*** Opening RECORDS FOR THE TASK ***

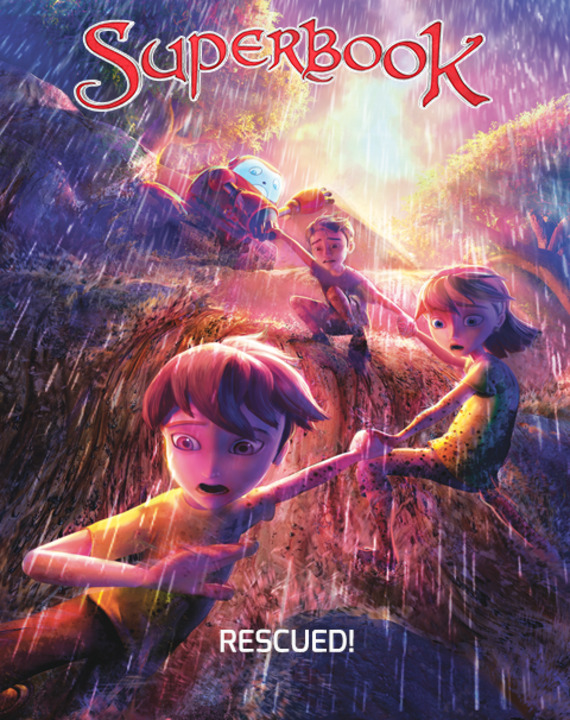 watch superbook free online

*** Closing RECORDS FOR THE TASK ***
*** Opening RECORDS FOR THE TASK ***

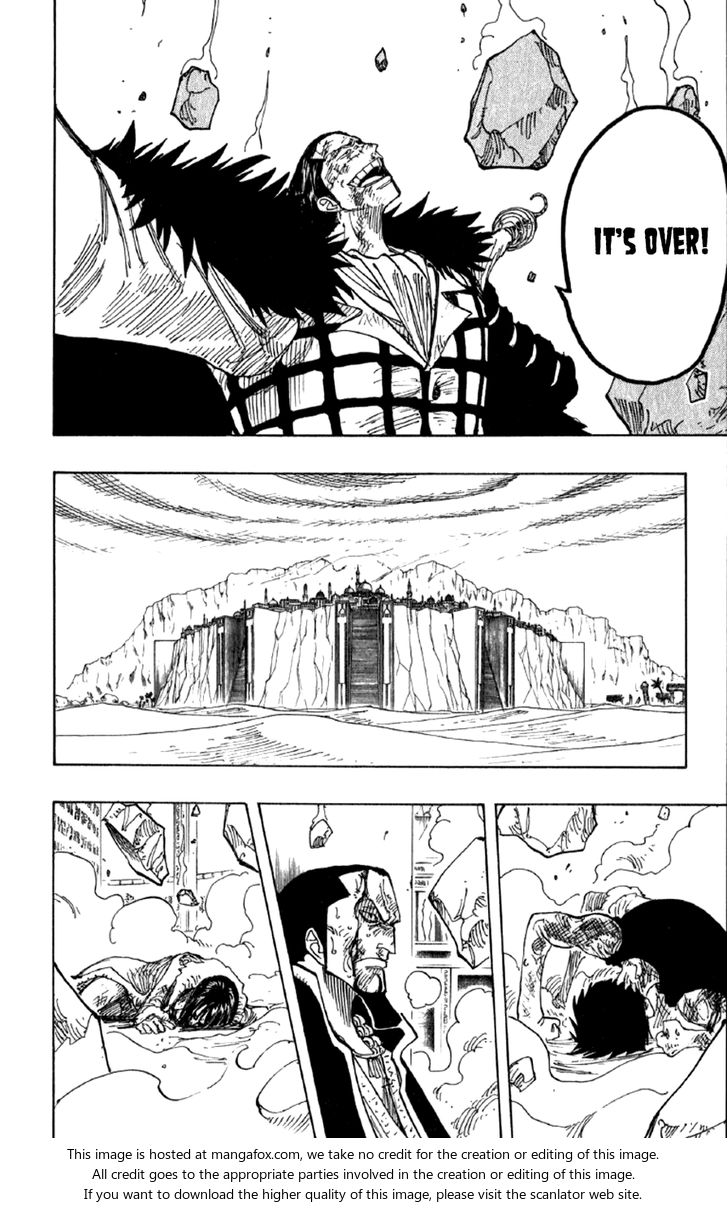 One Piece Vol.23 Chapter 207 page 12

*** Closing RECORDS FOR THE TASK ***
*** Opening RECORDS FOR THE TASK ***

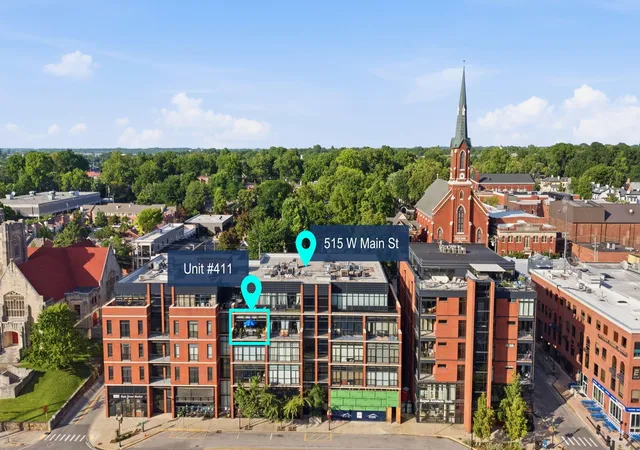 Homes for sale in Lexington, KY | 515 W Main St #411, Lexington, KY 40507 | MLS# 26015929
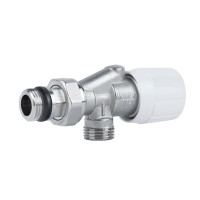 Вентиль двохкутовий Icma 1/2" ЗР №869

*** Closing RECORDS FOR THE TASK ***

EXERCISE DETAILS >> Exercise for the records above: copy only the lines from the one with "Homes for sale" to the one with "Вентиль двохкутовий Icma", both ends kept, and drop the pictures.

ANSWER AREA >>
 Homes for sale in Lexington, KY | 515 W Main St #411, Lexington, KY 40507 | MLS# 26015929
 Вентиль двохкутовий Icma 1/2" ЗР №869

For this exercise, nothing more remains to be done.